Und deshalb wollen wir jetzt auch im Sinne des Textes von Sascha Wagner über das Gewesene sprechen. Damit wollen wir unser Lebenshaus für die Zukunft rekonstruieren und fest machen. Wir wollen eintauchen in das Geschehene und daran ausprobieren, ob wir es schaffen, dankbar für die vielen schönen Erlebnisse und Erfahrungen zu werden.

(Es folgt der Lebenslauf des Verstorbenen mit den biografischen Daten (dem Gedächtnis) gemischt mit den Erinnerungen (den subjektiven Einfärbungen).

Abschied

In unserer Trauerfeier haben wir nicht „an etwas anderes gedacht“, sondern haben über „das Gewesene gesprochen“.

Und wir erleben es in diesen Augenblicken, dass wir das alles aushalten können und wenn wir zurück blicken, dann haben wir jetzt ganz konkret erfahren, dass „darüber reden“ nicht schwerer macht, sondern „leichter“.

Jetzt greifen wir mutig unsere letzte Aufgabe der Trauerfeier an.

Die gebräuchliche universale Formel in den Trauerfeiern heißt dazu so oder ähnlich:

Wir sind nun aufgefordert unseren Frieden mit dem Leben und Tod des Verstorbenen zu machen.

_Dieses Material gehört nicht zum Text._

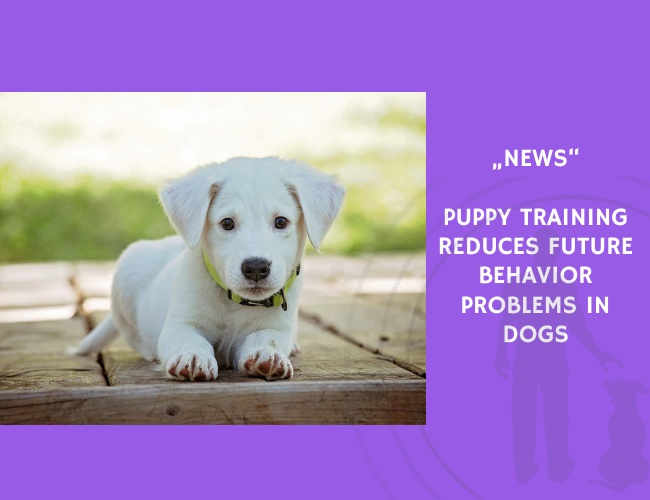 News-Puppy Training Reduces Future Behavior Problems in Dogs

Eine Alternative dazu gibt es nicht.

Während Sie das bei sich selbst bedenken und beschließen, werde ich dem Verstorbenen einen Text aus den Gedichten von Erich Fried widmen:

Vorübung für ein Wunder

Vor dem leeren Baugrund
Mit geschlossenen Augen warten
Bis das alte Haus
Wieder dasteht und offen ist

Die stillstehende Uhr
Solange ansehen
Bis der Sekundenzeiger
Sich wieder bewegt

An Dich denken,
Bis die Liebe
zu Dir

Wieder glücklich sein darf

Das Wiedererwecken
Von Toten
Ist dann
Ganz einfach

Nachdem wir unseren letzten gemeinsamen Weg mit dem Verstorbenen gegangen sind, betten wir nun

NN, geboren am XXX und gestorben am XXX zu seiner letzten Ruhe.

Wir wollen nicht klagen, weil wir ihn verloren haben, sondern dankbar sein dafür, dass wir ihn unter uns hatten.

Wir wollen ihn nun mit Blumen und Erde zudecken, damit niemand seine Ruhe stört.